А сама отправилась кого-то высматривать в толпе, на ходу рассуждая:
– Таланты бывают разные. Их не доказывают. Их являют. После чего другие оценивают.
Третий ученик объяснил:
– То, что делал Поликл, мне не понятно.:
– И этот одинок, – сделал для себя очередное открытие Болдуэлок, а сам зло посмотрел на Теплякова.
– В твоём неразумии виноват Поликл? – спросила Девушка. И медленно отвернулась.
Не остался в стороне и Первый ученик:
– Меньше надо было предаваться суете! Но ты и считал её настоящим делом.
Архию все они уже надоели. Он постучал кулаком о подлокотник и потребовал:
– Тихо!
После чего стал разглядывать со всех сторон на руках свои пальцы:
– Ты, Поликл, не только презираешь своей клеветой наше творчество, то есть жизнь, но ещё и получаешь от этого удовольствие.
Поликл возразил:
– Нет. Всё мною созданное становится в известной степени живым. Хотя бы в душе. Если оно лживо и безобразно, то потянется за тобой, как кровавый след. По закону причины, как рана, оно станет мучить тебя, с полным эффектом своего присутствия.
Поликл приложил ладонь к углу рта, с налётом иронии, словно по секрету, сообщил:
– Всё создаваемое мной становится моей же жизнью. Без вас. Даже лысые, облезлые мысли иногда имеют свойство материализоваться. Поэтому нет резона, да и опасно искажать картину любой жизни. А коль вы претендуете на создание первой реальности, то, следовательно, дело не во мне, вы её создали подобной. Извините, грех на зерцало пенять…
– Какой хитрец! – почти пропел Архий. Он наклонил голову то в одну сторону, то в другую, пытаясь разглядеть Поликла с разных сторон.
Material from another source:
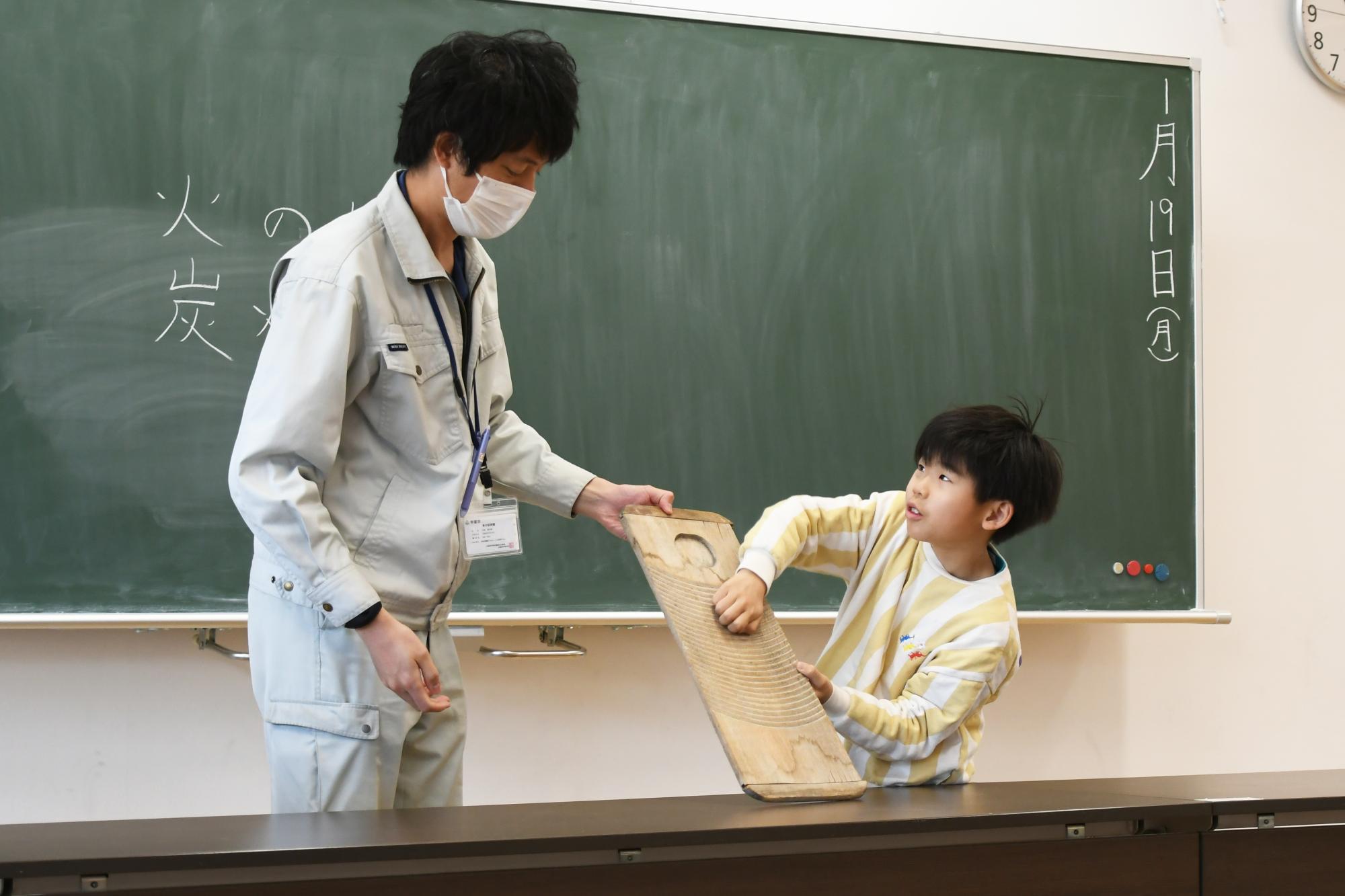 洗濯板の使い方を実演する講師と児童の写真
Такое разглядывание всего, что его интересовало, вошло в привычку.
– Рано или поздно, но наступит момент, когда твои убеждения совпадут с нашими. И тогда ты станешь лояльным. Нам ведь много не надо. Со времен Рима призыв «Хлеба и зрелищ!» остаётся насущным. Пусть они (Архий указал на толпу) поменьше думают, побольше радуются. Бесцельная жизнь делает их только счастливыми и послушными. От тебя никто не требует невозможного. Опьяняй своим искусством людей. И всё!
Архий просветлел:
– Голод не тётка, пирожка не подсунет.
Санчо, забывшись, одобрительно кивнул головой.
Болдуэлок устремил взор куда-то вдаль, а потом перевёл на Поликла дремучий по своей загадочности и непостижимости взгляд – не взгляд, а полуденное наваждение:
– Он мыслит магически, следовательно, по факту наш, а не мы – его.
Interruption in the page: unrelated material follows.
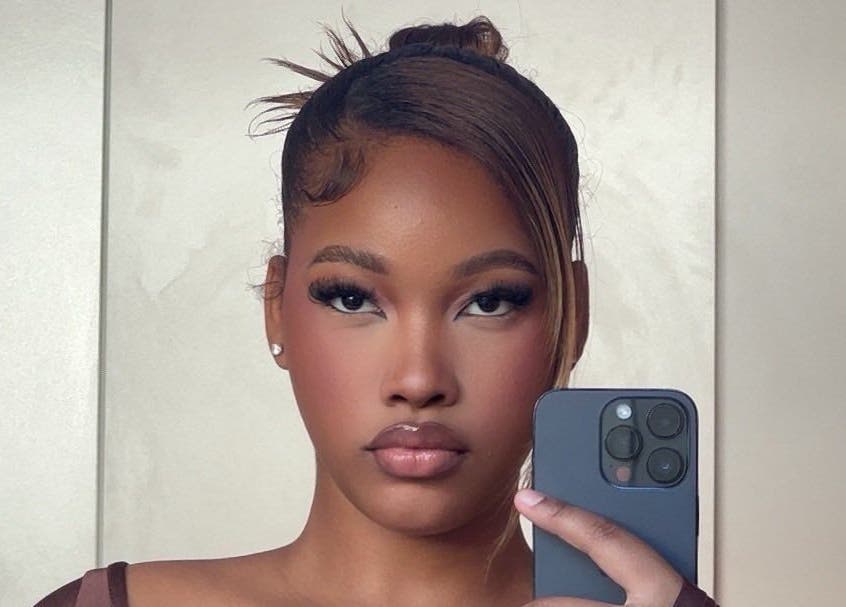 Woman with elegant lashes at Fairy Lashes, Cape Town, Western Cape, ZA, taking a stylish selfie.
Поликл хранил молчание до тех пор, пока не проронил:
– Вы уже обрели себе единомышленников. Факт! Думающих – боятся…
После недолгой паузы, так и не окончив фразу, он, поёживаясь, как после холодной ночи, обнял себя же за плечи и вернулся к разговору:
– Нет, я мыслю не магически. Самоценность эффектов мне чужда. Диктатура моего Я сильно преувеличена. Она сравнима c властью певчей птицы. То есть нет никакой диктатуры, ибо вынужден нередко подчиняться воле своих героев, когда, конечно, этого требует искусство. Разве смею претендовать на ваш удел! Хватает своего. Будь иначе, обессмыслился бы и нынешний суд. Гораздо важнее – нравственные основания дела. Самый строгий судья – собственная совесть… Кстати, она желательна и для вас. Правда?
Архий расплылся в блаженной улыбке:
– Ты надеешься на совесть?! Наивный… Без нас любой гений будет забыт историей.
Воспользовалась своим правом защитника Девушка, вернувшаяся к Поликлу:
– История учит творить добро и остерегаться зла. Архиев кануло в Лету много, а Поликл до сих пор остаётся один.
Архий засмеялся с райской усладой на устах:
– Ну, ладно! Да будет так! Уже потому надо бы взять, да и основательно подморозить благоприятное для нас время. Раз и навсегда остановить его.
– Выход есть: просто сорвём стрелки со всех часов, – предложил Болдуэлок. Но как быть с будущим?
– Глупо! Надо уничтожить часы! – процедил Архий. – Без стрелок они всё равно хлам, который, однако, может будить память и фантазию.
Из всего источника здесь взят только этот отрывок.